WHAT IS NEEDED: Would you please repeat all of the data exactly, omitting the pictures?

BEGIN MATERIAL PROVIDED

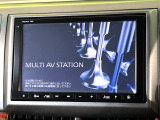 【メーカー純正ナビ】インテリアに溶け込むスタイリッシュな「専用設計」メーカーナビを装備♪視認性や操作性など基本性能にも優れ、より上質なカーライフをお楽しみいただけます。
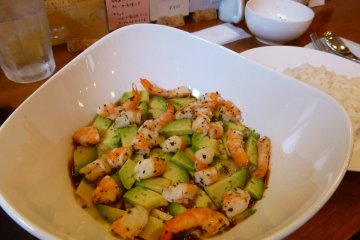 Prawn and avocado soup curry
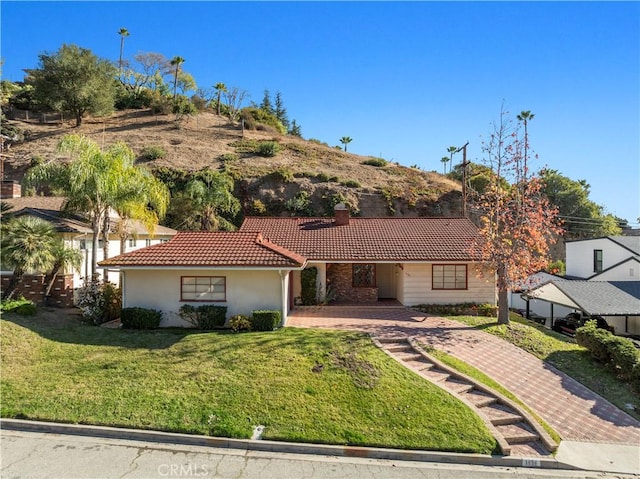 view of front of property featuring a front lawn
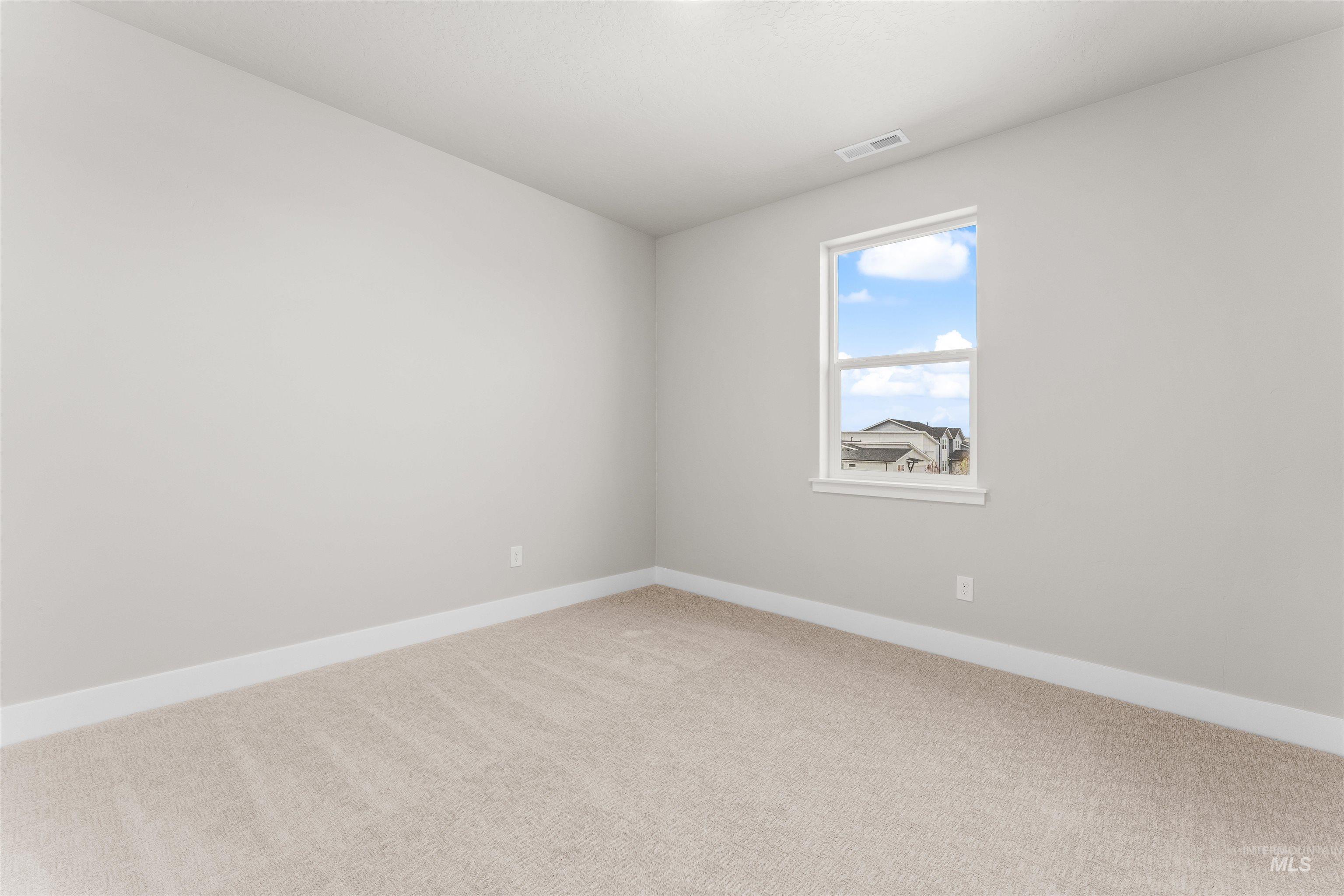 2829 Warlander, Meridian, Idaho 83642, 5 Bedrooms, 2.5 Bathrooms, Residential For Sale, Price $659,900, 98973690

END MATERIAL PROVIDED

TASK OUTPUT:
 【メーカー純正ナビ】インテリアに溶け込むスタイリッシュな「専用設計」メーカーナビを装備♪視認性や操作性など基本性能にも優れ、より上質なカーライフをお楽しみいただけます。
 Prawn and avocado soup curry
 view of front of property featuring a front lawn
 2829 Warlander, Meridian, Idaho 83642, 5 Bedrooms, 2.5 Bathrooms, Residential For Sale, Price $659,900, 98973690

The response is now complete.